> -----Original Message-----
> From: Michael S. Tsirkin [mailto:m...@redhat.com]
> Sent: Thursday, February 12, 2015 2:09 PM
> To: Traynor, Kevin
> Cc: dev@openvswitch.org
> Subject: Re: [ovs-dev] [PATCH RFC v6 1/1] netdev-dpdk: add dpdk vhost ports
> 
> On Thu, Feb 12, 2015 at 12:59:17PM +0000, Traynor, Kevin wrote:
> > > -----Original Message-----
> > > From: Michael S. Tsirkin [mailto:m...@redhat.com]
> > > Sent: Wednesday, January 21, 2015 11:19 AM
> > > To: Traynor, Kevin
> > > Cc: dev@openvswitch.org
> > > Subject: Re: [ovs-dev] [PATCH RFC v6 1/1] netdev-dpdk: add dpdk vhost
> ports
> > >
> > > On Thu, Jan 08, 2015 at 11:05:02PM +0000, Kevin Traynor wrote:
> > > > This patch adds support for a new port type to userspace datapath
> > > > called dpdkvhost. This allows KVM (QEMU) to offload the servicing
> > > > of virtio-net devices to its associated dpdkvhost port.

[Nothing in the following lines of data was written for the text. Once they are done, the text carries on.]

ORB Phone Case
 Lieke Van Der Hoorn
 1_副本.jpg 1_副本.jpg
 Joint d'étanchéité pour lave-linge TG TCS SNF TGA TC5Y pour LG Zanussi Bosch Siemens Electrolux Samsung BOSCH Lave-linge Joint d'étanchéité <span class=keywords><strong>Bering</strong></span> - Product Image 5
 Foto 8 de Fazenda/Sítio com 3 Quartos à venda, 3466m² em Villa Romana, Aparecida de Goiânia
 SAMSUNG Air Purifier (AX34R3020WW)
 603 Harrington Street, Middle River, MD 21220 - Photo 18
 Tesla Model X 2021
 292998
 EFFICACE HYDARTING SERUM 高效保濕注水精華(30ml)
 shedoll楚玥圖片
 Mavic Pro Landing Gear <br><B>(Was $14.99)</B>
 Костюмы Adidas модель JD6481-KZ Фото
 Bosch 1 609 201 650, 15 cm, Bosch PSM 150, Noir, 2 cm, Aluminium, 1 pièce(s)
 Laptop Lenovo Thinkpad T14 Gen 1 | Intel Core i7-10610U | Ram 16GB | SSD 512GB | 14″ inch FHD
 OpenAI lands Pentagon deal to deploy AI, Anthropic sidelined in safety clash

Instructions
> > > > for use are in INSTALL.DPDK.
> > > >
> > > > This has been tested on Intel multi-core platforms and with clients
> > > > that have virtio-net interfaces.
> > > >
> > > >  ver 6:
> > > >    - rebased with master
> > > >    - modified to use DPDK v1.8.0 vhost library
> > > >    - reworked for review comments
> > > >  ver 5:
> > > >    - rebased against latest master
> > > >  ver 4:
> > > >    - added eventfd_link.h and eventfd_link.c to EXTRA_DIST in
> > > >  utilities/automake.mk
> > > >    - rebased with master to work with DPDK 1.7 ver 3:
> > > >    - rebased with master
> > > >  ver 2:
> > > >    - rebased with master
> > > >
> > > > Signed-off-by: Ciara Loftus <ciara.lof...@intel.com>
> > > > Signed-off-by: Kevin Traynor <kevin.tray...@intel.com>
> > > > Signed-off-by: Maryam Tahhan <maryam.tah...@intel.com>
> > > > ---
> > > >  INSTALL.DPDK.md         |  236 +++++++++++++++++
> > > >  Makefile.am             |    4 +
> > > >  lib/automake.mk         |    1 +
> > > >  lib/netdev-dpdk.c       |  649
> +++++++++++++++++++++++++++++++++++++++--------
> > > >  lib/netdev.c            |    3 +-
> > > >  utilities/automake.mk   |    3 +-
> > > >  utilities/qemu-wrap.py  |  389 ++++++++++++++++++++++++++++
> > > >  vswitchd/ovs-vswitchd.c |    4 +-
> > > >  8 files changed, 1177 insertions(+), 112 deletions(-)
> > > >  mode change 100644 => 100755 lib/netdev-dpdk.c
> > > >  create mode 100755 utilities/qemu-wrap.py
> > > >
> > > > diff --git a/INSTALL.DPDK.md b/INSTALL.DPDK.md
> > > > index 2cc7636..da8116d 100644
> > > > --- a/INSTALL.DPDK.md
> > > > +++ b/INSTALL.DPDK.md
> > > > @@ -17,6 +17,7 @@ Building and Installing:
> > > >  ------------------------
> > > >
> > > >  Required DPDK 1.7
> > > > +Optional `fuse`, `fuse-devel`
> > > >
> > > >  1. Configure build & install DPDK:
> > > >    1. Set `$DPDK_DIR`
> > > > @@ -264,6 +265,241 @@ A general rule of thumb for better performance is
> that the client
> > > >  application should not be assigned the same dpdk core mask "-c" as
> > > >  the vswitchd.
> > > >
> > > > +DPDK vHost:
> > > > +-----------
> > > > +
> > > > +Prerequisites:
> > > > +1.  DPDK 1.8 with vHost support enabled and recompile OVS as above.
> > > > +
> > > > +     Update `config/common_linuxapp` so that DPDK is built with vHost
> > > > +     libraries:
> > > > +
> > > > +     `CONFIG_RTE_LIBRTE_VHOST=y`
> > > > +
> > > > +2.  Insert the Fuse module:
> > > > +
> > > > +      `modprobe fuse`
> > > > +
> > > > +3.  Build and insert the `eventfd_link` module:
> > > > +
> > > > +     `cd $DPDK_DIR/lib/librte_vhost/eventfd_link/`
> > > > +     `make`
> > > > +     `insmod $DPDK_DIR/lib/librte_vhost/eventfd_link.ko`
> > > > +
> > > > +4.  Remove /dev/vhost-net character device:
> > > > +
> > > > +      `rm -rf /dev/vhost-net`
> > >
> > > I think it's not a good idea to tell people to do this,
> > > best to drop this section and put "with standard vhost"
> > > here instead.
> >
> > Not clear what you'd like to see dropped?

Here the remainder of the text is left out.